TASK INSTRUCTIONS
Starting at the line below with "Vintage top Satsuma" and stopping at the line with "LOFT Womens Small", please print each line exactly, those two included, and skip every picture.

RECORDS PROVIDED

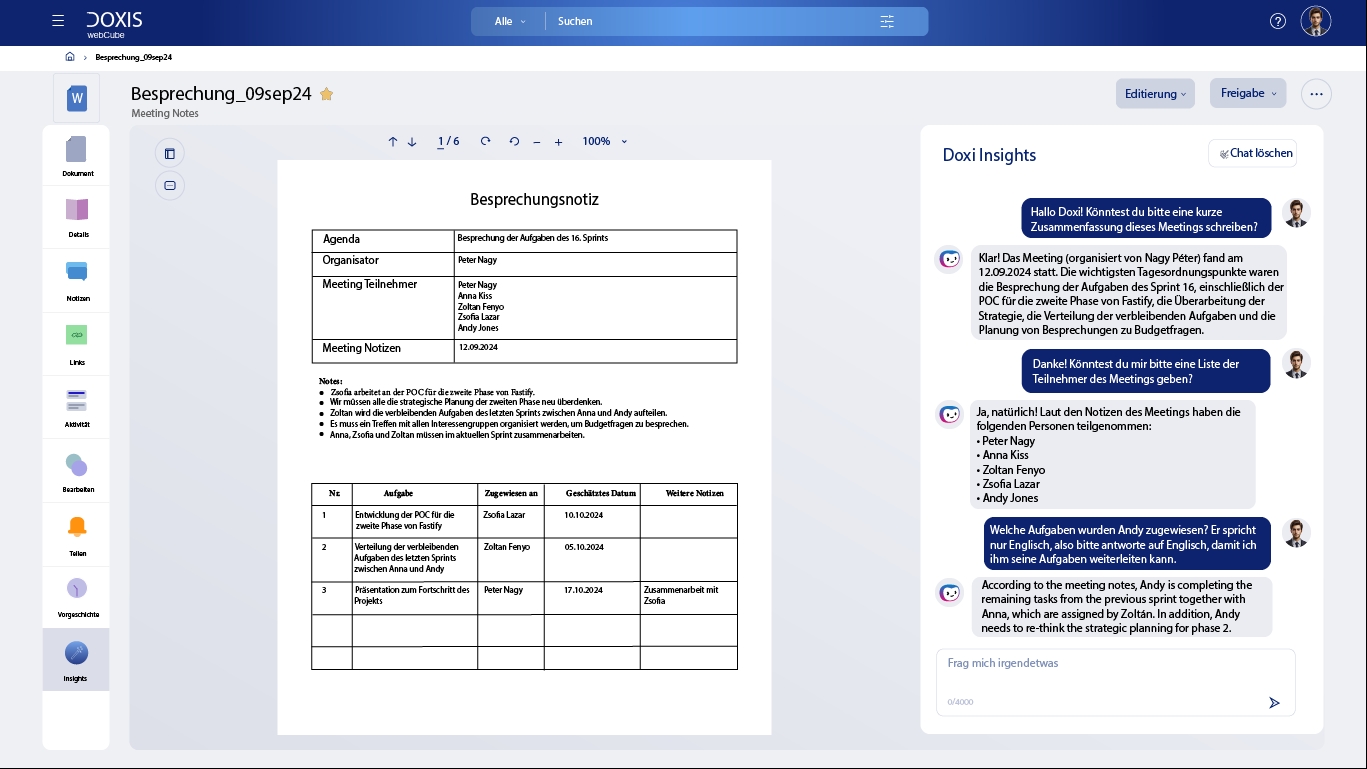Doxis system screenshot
---
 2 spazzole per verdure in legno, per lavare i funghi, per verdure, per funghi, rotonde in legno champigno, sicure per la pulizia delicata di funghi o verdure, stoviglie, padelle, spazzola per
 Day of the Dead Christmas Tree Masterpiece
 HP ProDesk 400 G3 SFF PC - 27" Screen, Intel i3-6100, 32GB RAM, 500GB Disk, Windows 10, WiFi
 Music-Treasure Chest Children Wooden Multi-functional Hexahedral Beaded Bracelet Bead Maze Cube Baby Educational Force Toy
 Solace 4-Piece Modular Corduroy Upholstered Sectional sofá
---
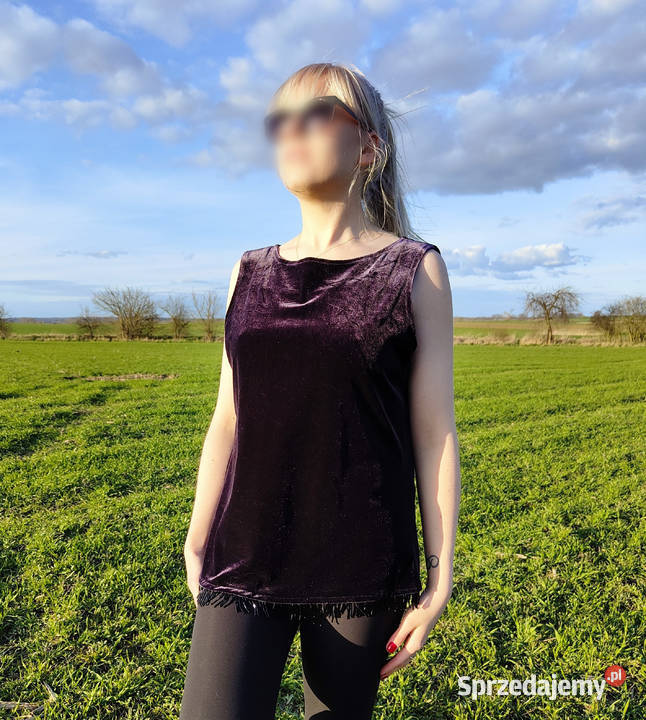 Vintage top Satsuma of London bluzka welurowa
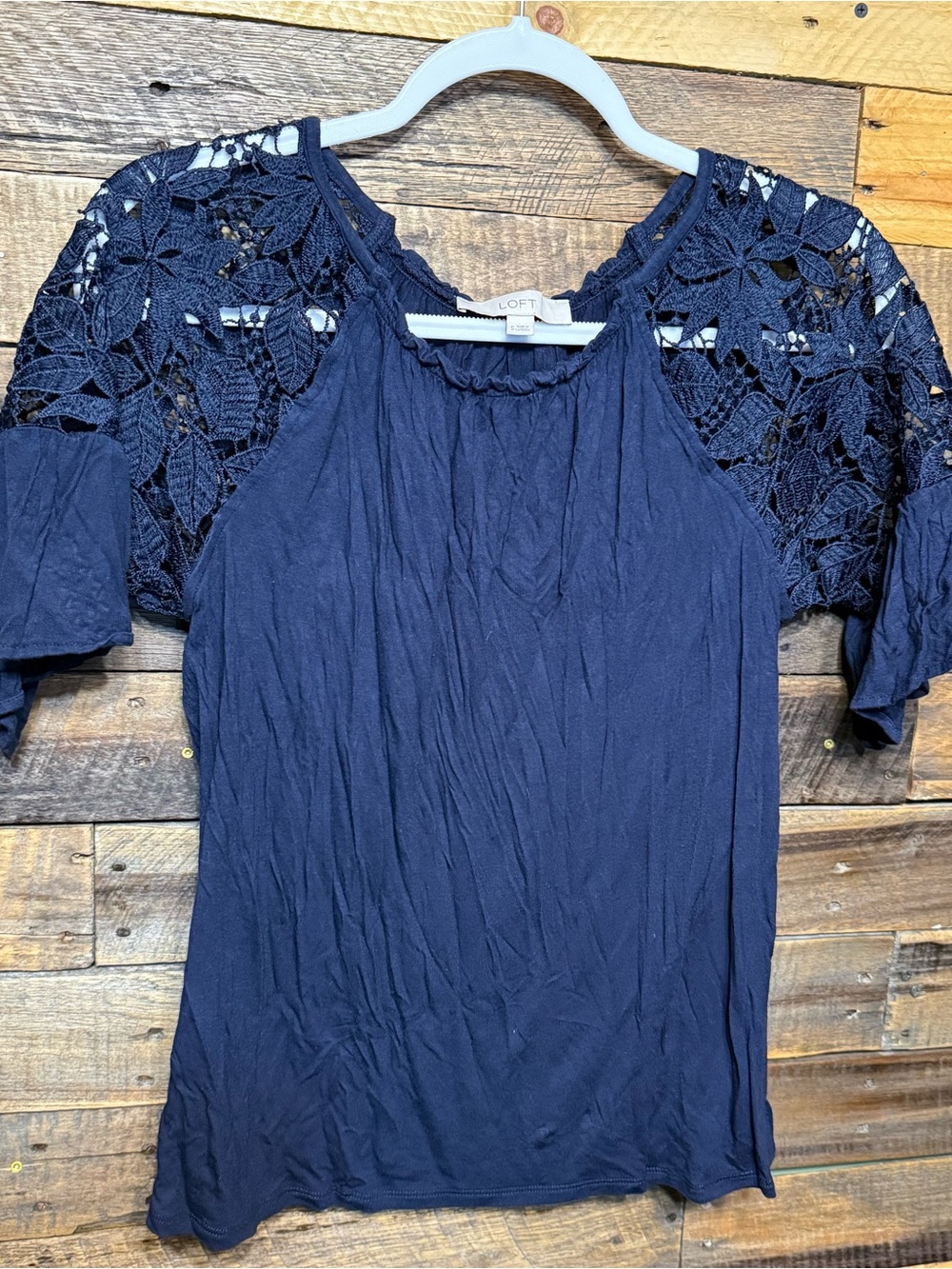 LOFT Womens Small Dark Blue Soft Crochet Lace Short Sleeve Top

RESPONSE AREA
 Vintage top Satsuma of London bluzka welurowa
 LOFT Womens Small Dark Blue Soft Crochet Lace Short Sleeve Top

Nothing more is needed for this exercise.